La ragazza al suo fianco impallidì sotto la veletta.
- Rallentate, vi prego.
- Non posso! Vi ho salvata appena in tempo da lui.
La ragazza tacque, tenendosi il cappello con una mano mentre si voltava.
Il calesse bianco li stava ancora inseguendo.
- C’è ancora?
- Sì.
Era successo solo mezz’ora prima, ma nella mente della ragazza era un ricordo divenuto già evanescente, come l’essere scesa dal treno andando incontro alla Bugatti illudendosi di stare vivendo una giornata come le altre, solo un po’ più movimentata.

Quando era salita sull’auto del giovane, aveva scambiato la piega dura sulle labbra di lui per esasperazione da ritardo.
Ne era rimasta intimidita.
Come vicedirettore di una delle maggiori aziende dolciarie tedesche, aveva fatto fin troppo a essere lì per una dipendente.
- Scusate – gli aveva detto, mentre si sedeva ansante accanto a lui – Quel calesse bianco mi ha spaventata.
Sentendo il colpo di pedale con il quale lui aveva avviato l’auto, si preoccupò.
- Datemi almeno gli occhialoni.
- Nel cruscotto.
- Grazie per essermi venuta a prendere. Non ci speravo più. Da quando è sparita Minna…vi ha chiamato e poi se n’è andata senza avvertirmi. Non è da lei.
- Ora sei… siete qui e andremo a fondo di questa storia. Vostra sorella ha fatto bene a telefonarmi a casa. Sono certo che la ritroveremo.

La folle corsa del giovane lungo il rettilineo stava preoccupando la ragazza.
Il suo compagno di viaggio non lo era meno di lei; quel mattino non era andato in azienda perché aveva approvato insieme al padre i manifesti pubblicitari per la linea di dolci da lanciare all’estero in vista della riunione con gli importatori.

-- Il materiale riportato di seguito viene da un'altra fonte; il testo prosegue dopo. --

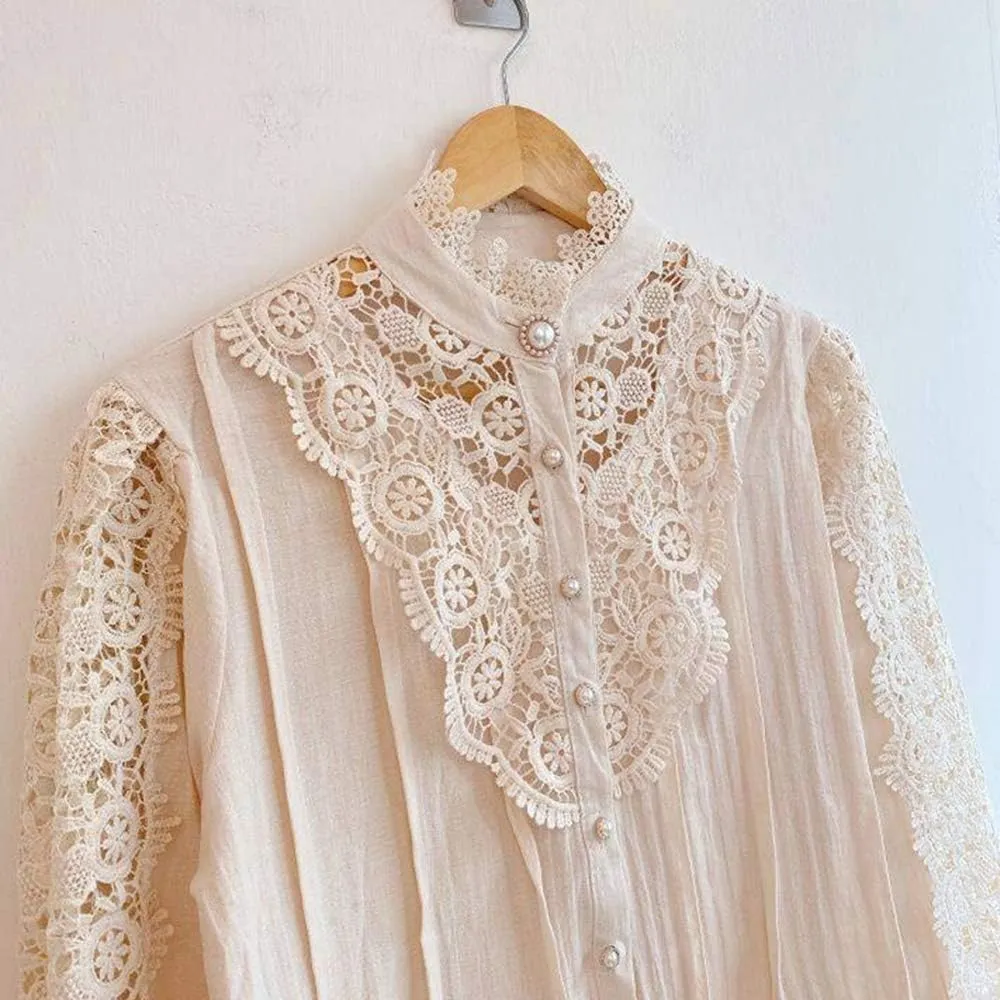 Womens Elegant Lace Trim Shirts Casual Victorian Blouse Long Sleeve Button Down Tops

Era nervoso per via delle tensioni in ditta.
L’idea dei dipendenti automi da affiancare agli esseri umani si era rivelata un fiasco, con buona pace di suo fratello Heinz.
Era uscito presto.
Lui, già sveglio, aveva visto il calesse bianco del fratello allontanarsi nel viale della villa.
Gli zoccoli dei cavalli meccanici lo avevano infastidito più del solito.

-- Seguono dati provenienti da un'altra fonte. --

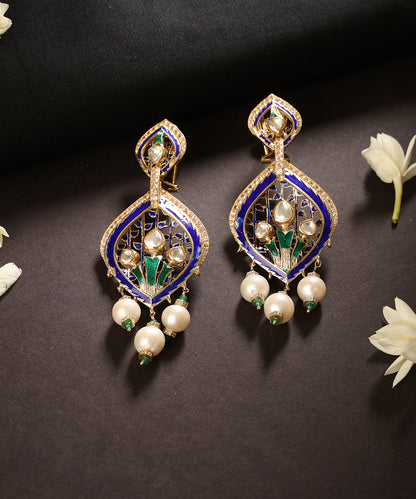 Neelpatra_Blue_&amp;_Green_Meenakari_Kundan_Pearl_Drop_Earrings_WeaverStory_01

Non sopportava più suo fratello, con le sue lamentele su Minna e la sorella di lei.
Poi c’era stata la telefonata di Minna, a proposito di Elfriede.

Andate a prenderla alla Zimtbahnhof. Salvate almeno lei da Heinrich. Vi supplico.

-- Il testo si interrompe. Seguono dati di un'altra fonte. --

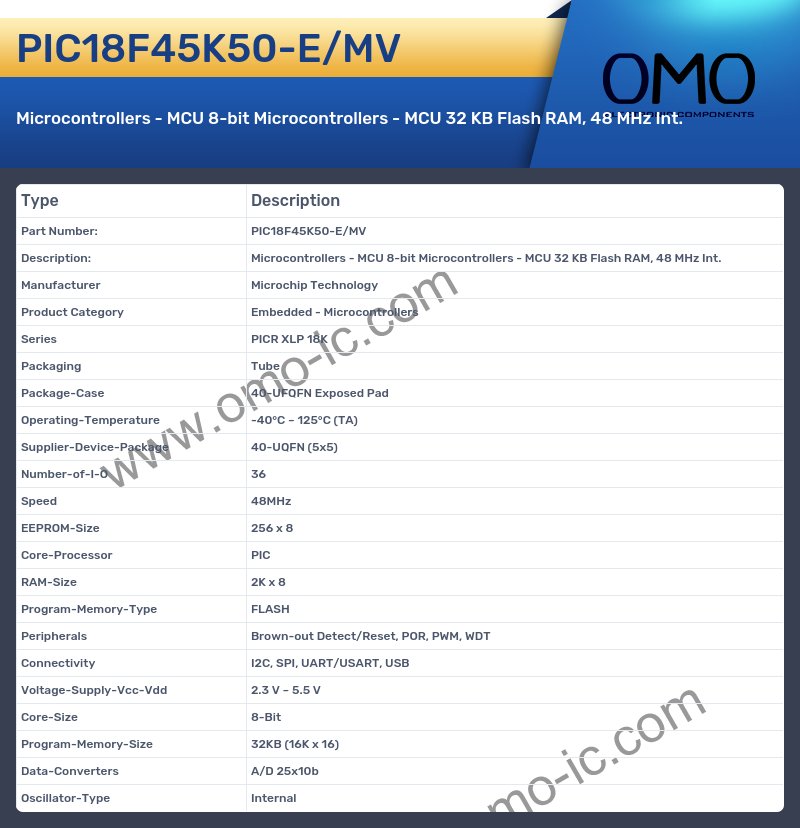PIC18F45K50-E/MV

Manfred si era precipitato alla stazione, tagliando la strada al calesse.
Il cocchiere automa gli aveva lasciato i pochi secondi necessari per caricare Elfriede.
Non le aveva mai detto quel che provava per lei, consapevole dell’ostilità del padre verso gli amori con i dipendenti.
Da quando era salito sulla Bugatti, il suo unico pensiero era stato quello di riportarla a casa sana e salva, usando la scorciatoia che passava dalla foresta.
Si trovava proprio dalla parte opposta dell’azienda paterna.
O di quello che ne restava.
Lungo il tragitto per la stazione aveva visto le fiamme.
- Così ci ammazziamo. Che cosa succede? Sul treno ho sentito un boato.
Senza perdere di vista la strada, lui replicò: - C’è stata un’esplosione in azienda. Devo riportarti a casa.
La Bugatti accelerò ancora, lasciandosi dietro una scia di fumo lungo la strada appena asfaltata.
Il giovane era sicuro di essersi lasciato dietro il calesse e di stare per affrontare il solito rettilineo per Baumheim, quando vide la curva.
Frenò bruscamente.
Materializzandosi da una macchia grigia, davanti agli occhi dei due comparve un paesaggio fatto di metallo. Dagli alberi agli uccelli alle case. E tutto in movimento.
Incuriosita, la ragazza notò che gli abitanti erano vestiti come la gente della sua epoca.
Notò che molte donne portavano grandi cappelli tondi a veletta come il suo e se era per quello, anche gonne lunghe, maniche a sbuffo, con tanto di sellino.
Si sarebbero dette anche più alla moda di lei, ma c’era qualcosa di meccanico nei loro movimenti; si distrasse guardando quelle con le divise da cameriere e da operaie.
Una di loro le sembrò sua sorella.
Stava quasi per chiamarla, ma le parole le morirono in gola quando vide la chiave sulla schiena della presunta fanciulla.
Come fosse una bambola caricata a molla.
Quella pupattola a grandezza naturale non poteva essere Minna.
Il suo compagno si tolse gli occhialoni da guida e mise i guanti in tasca.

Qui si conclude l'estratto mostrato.